LONDON, Feb 5 (Thomson Reuters Foundation) - Almost 60,000 personal data breaches have been reported to Europe's regulators since the EU adopted a landmark privacy law, according to figures published on Tuesday that campaigners said should spur people to think twice about what they share online.

The EU's General Data Protection Regulation (GDPR) requires organisations holding personal information, such as a person's name, address and religion, to notify authorities when they suffer a breach - or face a hefty fine.

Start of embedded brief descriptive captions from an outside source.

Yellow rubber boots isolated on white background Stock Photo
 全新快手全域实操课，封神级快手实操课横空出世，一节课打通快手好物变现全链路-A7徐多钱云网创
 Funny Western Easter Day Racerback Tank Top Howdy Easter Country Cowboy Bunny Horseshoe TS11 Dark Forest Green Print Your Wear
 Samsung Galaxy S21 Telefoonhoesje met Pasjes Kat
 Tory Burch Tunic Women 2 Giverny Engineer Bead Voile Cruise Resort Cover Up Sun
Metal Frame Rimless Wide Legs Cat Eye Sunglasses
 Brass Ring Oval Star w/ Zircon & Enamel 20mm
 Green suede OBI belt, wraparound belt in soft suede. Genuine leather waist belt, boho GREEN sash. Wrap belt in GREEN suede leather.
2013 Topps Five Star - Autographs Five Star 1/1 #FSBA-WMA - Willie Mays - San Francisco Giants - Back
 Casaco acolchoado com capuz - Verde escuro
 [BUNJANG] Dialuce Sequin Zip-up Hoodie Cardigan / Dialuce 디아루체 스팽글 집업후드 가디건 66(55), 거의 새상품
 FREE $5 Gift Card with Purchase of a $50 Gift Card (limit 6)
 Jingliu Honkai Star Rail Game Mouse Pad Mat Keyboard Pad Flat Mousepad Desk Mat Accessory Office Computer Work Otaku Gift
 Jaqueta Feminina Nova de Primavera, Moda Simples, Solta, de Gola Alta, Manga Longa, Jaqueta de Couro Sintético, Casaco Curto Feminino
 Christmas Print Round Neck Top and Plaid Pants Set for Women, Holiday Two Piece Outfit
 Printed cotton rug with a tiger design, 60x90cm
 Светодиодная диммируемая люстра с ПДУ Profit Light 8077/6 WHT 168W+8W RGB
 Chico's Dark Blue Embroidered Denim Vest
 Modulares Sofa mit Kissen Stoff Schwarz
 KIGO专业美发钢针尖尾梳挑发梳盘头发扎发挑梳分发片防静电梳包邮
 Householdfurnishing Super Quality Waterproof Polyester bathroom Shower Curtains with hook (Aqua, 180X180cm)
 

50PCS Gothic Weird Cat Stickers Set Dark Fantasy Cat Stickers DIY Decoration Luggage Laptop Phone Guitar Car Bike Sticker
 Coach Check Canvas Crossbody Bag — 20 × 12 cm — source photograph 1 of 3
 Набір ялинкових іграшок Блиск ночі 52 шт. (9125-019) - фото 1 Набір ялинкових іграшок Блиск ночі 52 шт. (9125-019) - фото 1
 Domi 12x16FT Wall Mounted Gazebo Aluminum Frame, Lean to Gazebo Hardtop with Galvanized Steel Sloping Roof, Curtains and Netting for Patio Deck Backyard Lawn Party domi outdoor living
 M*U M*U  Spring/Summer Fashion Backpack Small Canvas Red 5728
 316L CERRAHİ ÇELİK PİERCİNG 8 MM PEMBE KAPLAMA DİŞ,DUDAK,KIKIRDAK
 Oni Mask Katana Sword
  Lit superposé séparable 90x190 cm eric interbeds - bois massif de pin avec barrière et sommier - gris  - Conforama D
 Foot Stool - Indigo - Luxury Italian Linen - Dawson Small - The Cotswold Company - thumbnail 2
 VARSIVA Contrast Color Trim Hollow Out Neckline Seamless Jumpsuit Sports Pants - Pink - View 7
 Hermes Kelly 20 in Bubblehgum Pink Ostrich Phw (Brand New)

Leaks reported since the law was adopted in May 2018 included anything from major hacks to minor incidents like an email sent to the wrong address or lost USB stick, according to a study by global law firm DLA Piper. "The GDPR is driving personal data breach out into the open," said Ross McKean, a partner at the firm specialising in cyber and data protection.

Of the 26 countries analysed, the Netherlands, Germany and Britain, reported the most breaches, while Italy, Greece and Romania had the lowest per capita rate of reporting - something that suggested varying levels of compliance, said McKean.

Francisco Vera, an advocacy officer at campaign group Privacy International, said it was hard to tell whether the total number of breaches was unusually high, as it was the first time such figures were available.

"That alone shows how important breach notifications are," he said. "They reinforce accountability of those who are processing our personal data and make consumers aware of the risks they might be facing."

Numbers should decrease as fines and consumer pressure push companies to better security, said Diego Naranjo, a policy advisor at advocacy group European Digital Rights (EDRI).

"Security breaches will always occur as technologies are not perfect," he told the Thomson Reuters Foundation by phone.

"(But) companies should be careful with what they gather and why they gather it and individuals should be careful not to provide too much information in case it gets leaked".

The GDPR gives new powers to privacy enforcers, allowing them to levy fines of 20 million euros ($23 million) or up to 4 percent of global revenue, whichever is higher.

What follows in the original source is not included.